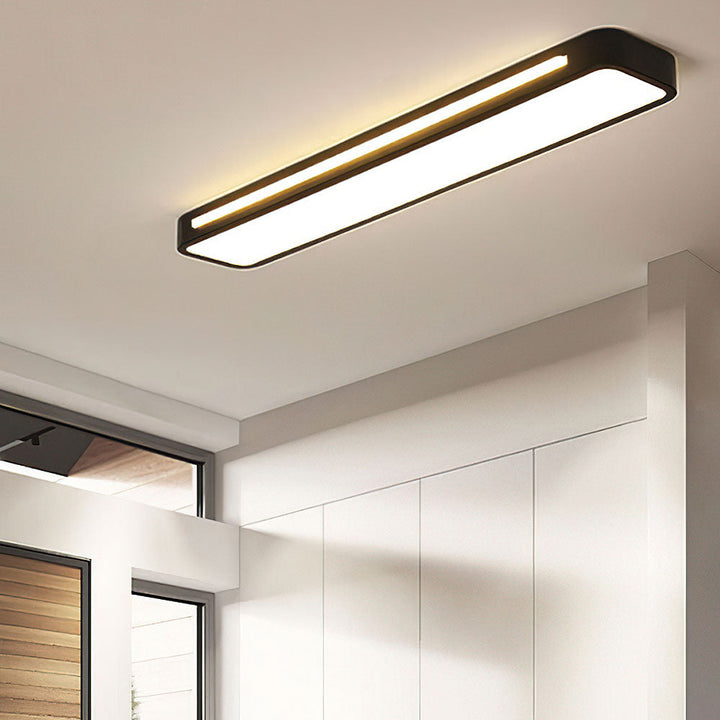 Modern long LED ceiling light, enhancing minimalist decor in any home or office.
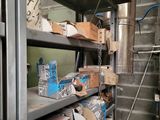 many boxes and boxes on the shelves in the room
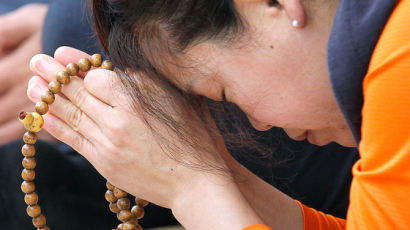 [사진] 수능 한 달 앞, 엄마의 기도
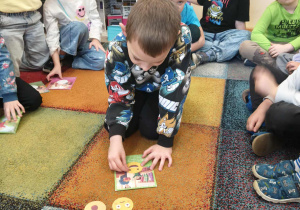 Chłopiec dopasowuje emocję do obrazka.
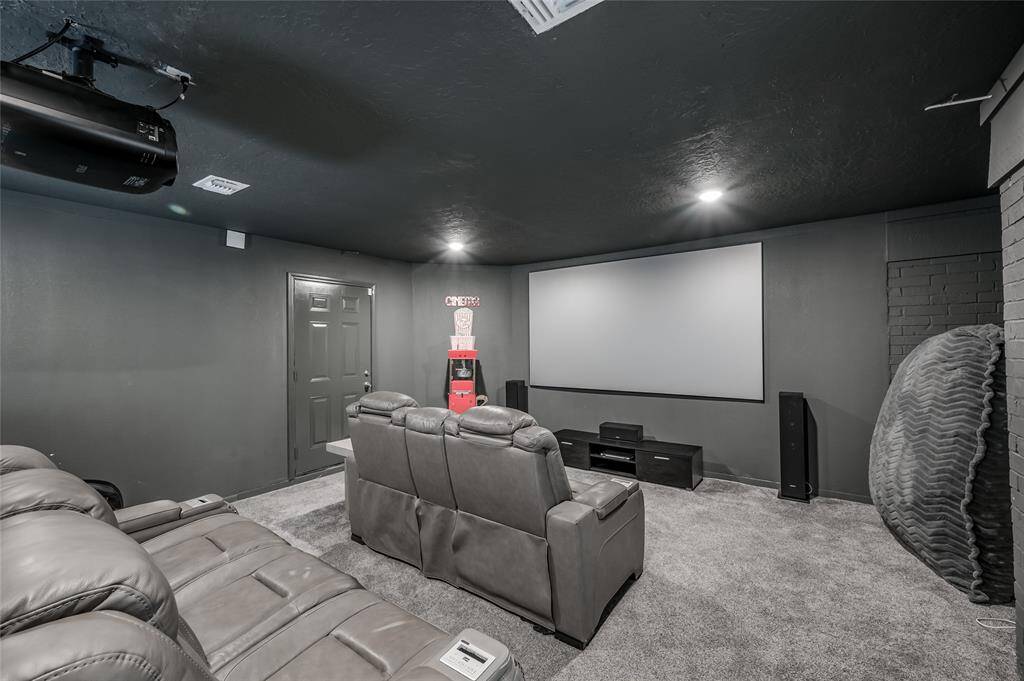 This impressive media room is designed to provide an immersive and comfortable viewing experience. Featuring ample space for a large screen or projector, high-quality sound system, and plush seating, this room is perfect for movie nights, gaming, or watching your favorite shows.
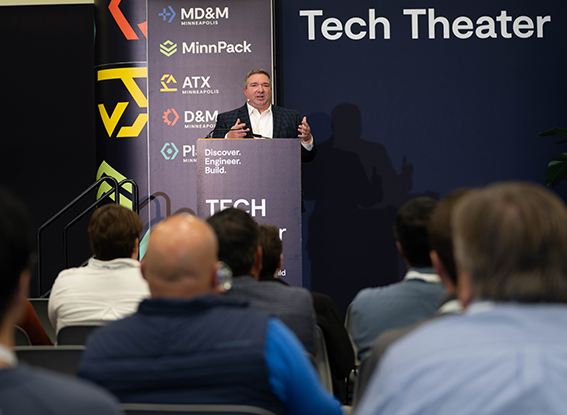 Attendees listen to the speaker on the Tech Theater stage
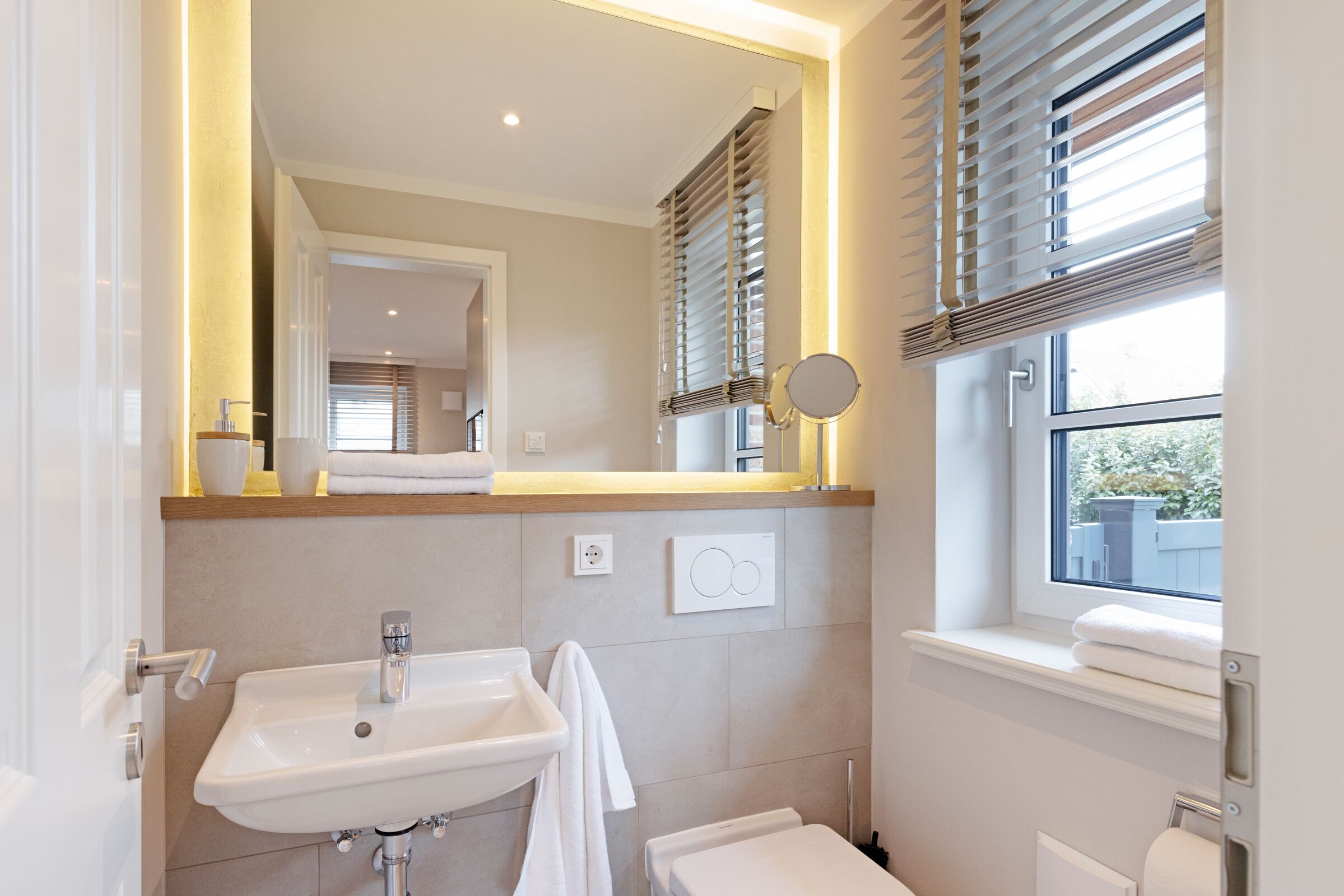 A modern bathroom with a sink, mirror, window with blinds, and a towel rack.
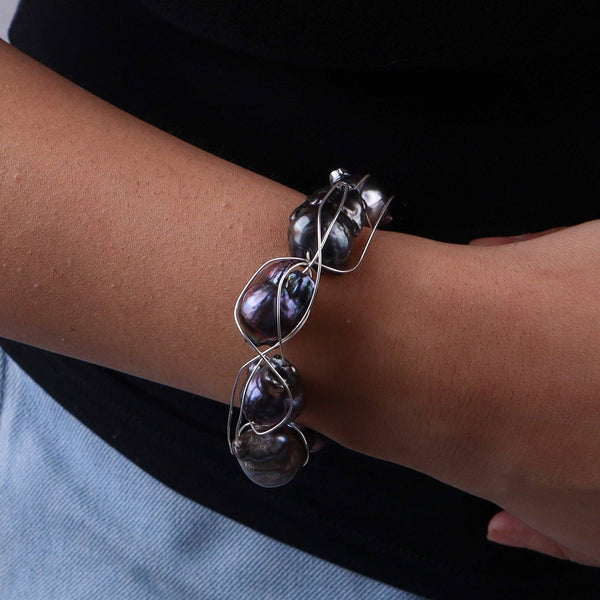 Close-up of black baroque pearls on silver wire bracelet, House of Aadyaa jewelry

## [What you are asked to do]
Without changing a word, retype the data above and omit its pictures.

## [Reply]
 Modern long LED ceiling light, enhancing minimalist decor in any home or office.
 many boxes and boxes on the shelves in the room
 [사진] 수능 한 달 앞, 엄마의 기도
 Chłopiec dopasowuje emocję do obrazka.
 This impressive media room is designed to provide an immersive and comfortable viewing experience. Featuring ample space for a large screen or projector, high-quality sound system, and plush seating, this room is perfect for movie nights, gaming, or watching your favorite shows.
 Attendees listen to the speaker on the Tech Theater stage
 A modern bathroom with a sink, mirror, window with blinds, and a towel rack.
 Close-up of black baroque pearls on silver wire bracelet, House of Aadyaa jewelry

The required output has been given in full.